ASIAVIEW: The next big thing

When Timothy Walsh described the current private equity real estate market in Asia to the Wall Street Journal last month as “just a few niche guys,” he was perhaps a little harsh. “There’s not a whole lot of competition out there,” the director of the State of New Jersey Division of Investment told the newspaper. 

Proven Asian firms like Arch Capital Management, SC Capital Management and ARA Asset Management or the Asia platforms of global firms like Invesco Real Estate, LaSalle Investment Management or Pramerica Real Estate Investors might well feel aggrieved at such talk.
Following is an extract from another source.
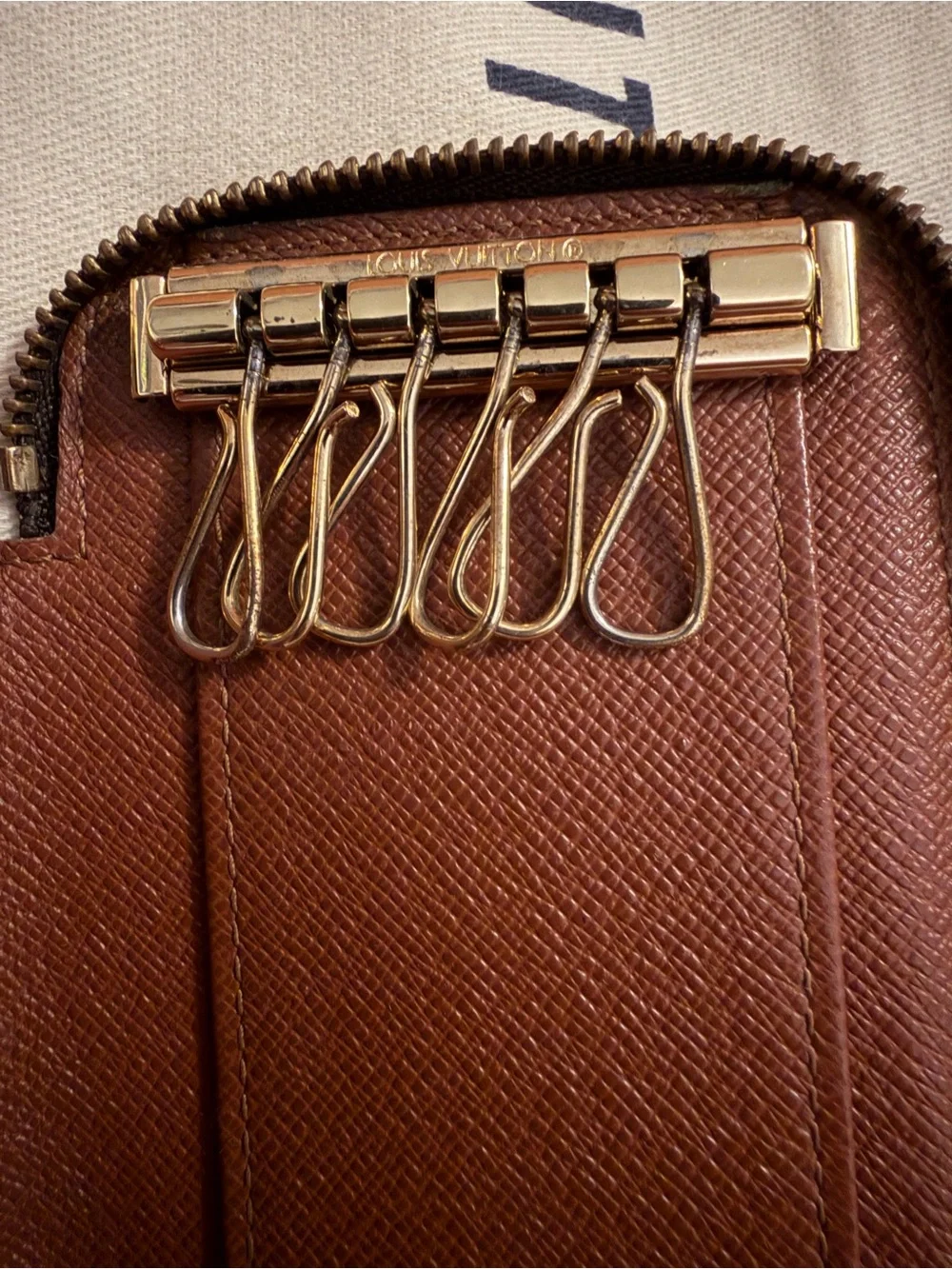 Louis Vuitton Brown Monogram Zipped 6 Key holder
Still, Walsh has a point.

At the end of March, New Jersey committed the first $500 million to the private equity real estate juggernaut du jour, The Blackstone Group, for its first Asia opportunity fund. Rightly, the $70 billion pension described how limited its options were given the scale of its investment. Indeed, not since Merrill Lynch hauled in $2.65 billion for its Merrill Lynch Asia Real Estate Opportunity Fund in 2008 has a pan-Asia real estate opportunity fund raised anywhere near the capital that Blackstone is attempting.

New Jersey’s cheque for Blackstone Real Estate Partners (BREP) Asia was the largest commitment the pension plan has ever made to a real estate fund. Tellingly, it also amounts to the largest capital-raise for any Asia real estate opportunity fund in 2013 so far and is a greater sum than all but three funds managed throughout last year.
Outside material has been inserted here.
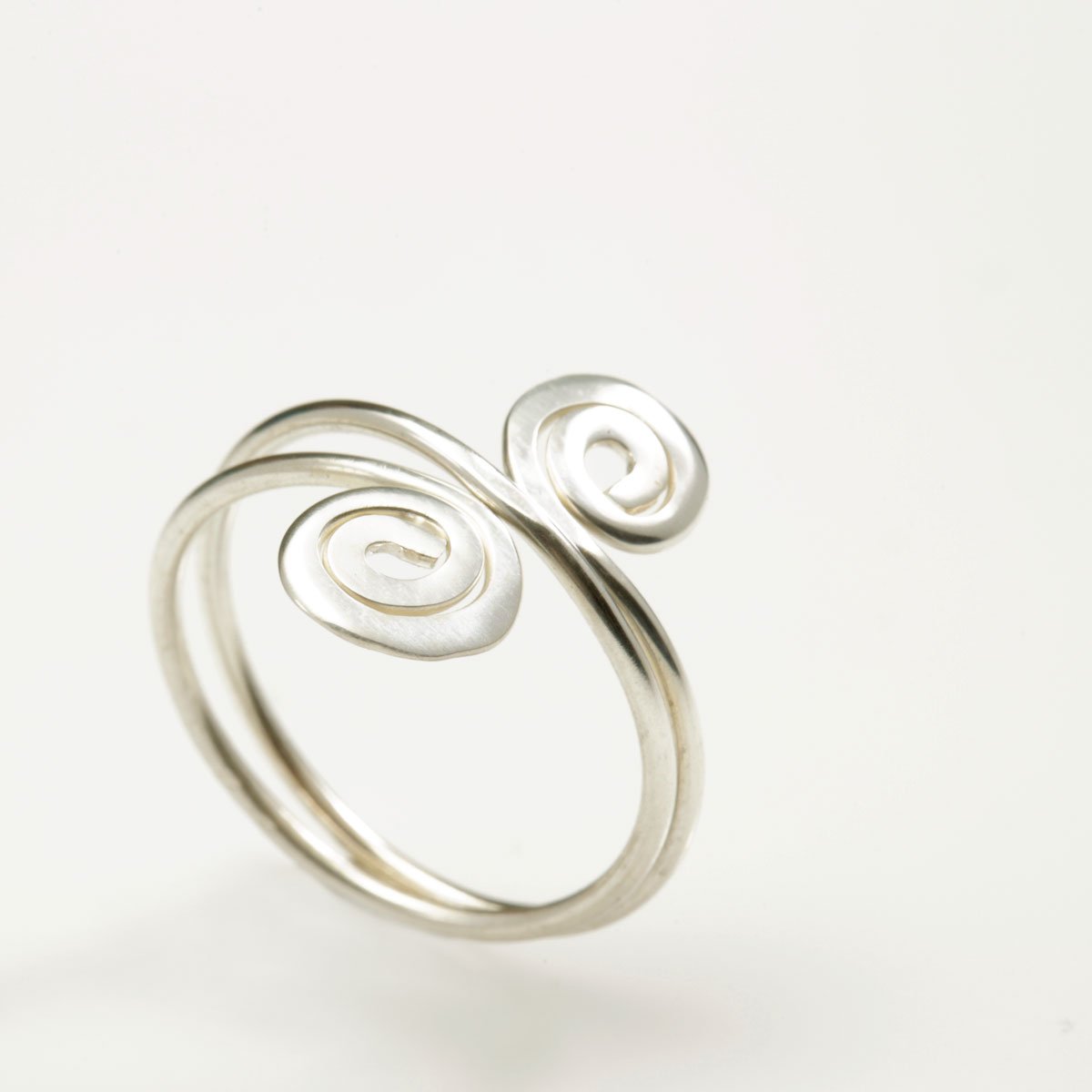 anillo-plata-hilo-fino-dos-espirales-2.jpg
Blackstone is targeting $3.5 billion for its fund, although that amount could swell to $4 billion if its hard cap is reached. Success would make BREP Asia the largest real estate opportunity fund ever raised for the region, surpassing MGPA’s $3.9 billion third fund, MGPA Asia Fund III, by $100 million.

Walsh said he believed Blackstone to be the largest and best established investment manager, with the widest geographic presence among its competitors. Endorsement indeed for a firm actually a first-time manager in the region – even if it has raised some $32 billion for opportunity funds globally since it started investing in property in the early 1990s. 
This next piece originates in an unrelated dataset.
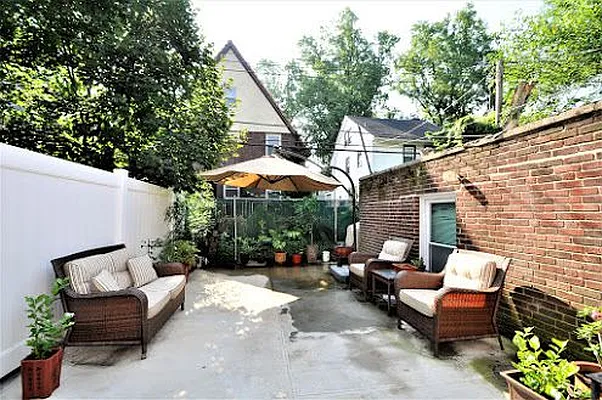 Sold by Exit Kingdom Realty | media 37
More than extol the virtues of Blackstone, New Jersey’s commitment to the firm and Walsh’s words don’t exactly compliment the region’s longer-established heavyhitters like MGPA (240 staff, seven offices), LaSalle Investment Management (200 staff, eight offices) and others. 

Once MGPA’s corporate future is resolved – the firm was the subject of a sale at press time – it is expected to bring MGPA Asia Fund IV to market with a target of about $1 billion. LaSalle handed back $600 million from its $3 billion LaSalle Asia Opportunity Fund III in late 2011 in a bid to curry favor with investors for its fourth effort, for which it is targeting up to $750 million. Although New Jersey was an investor in LaSalle’s third Asia fund, Blackstone’s offer evidently was more compelling than LaSalle’s this time around.

Unless an institutional investor wants to ‘be the fund’ – and some do on a country-specific basis –it does have limited options through which to put large capital to work. The latest commingled funds of Asia’s ‘niche players’ – Arch, SC Capital and ARA – each closed at around the $500 million mark, which is the same amount New Jersey has committed to Blackstone. 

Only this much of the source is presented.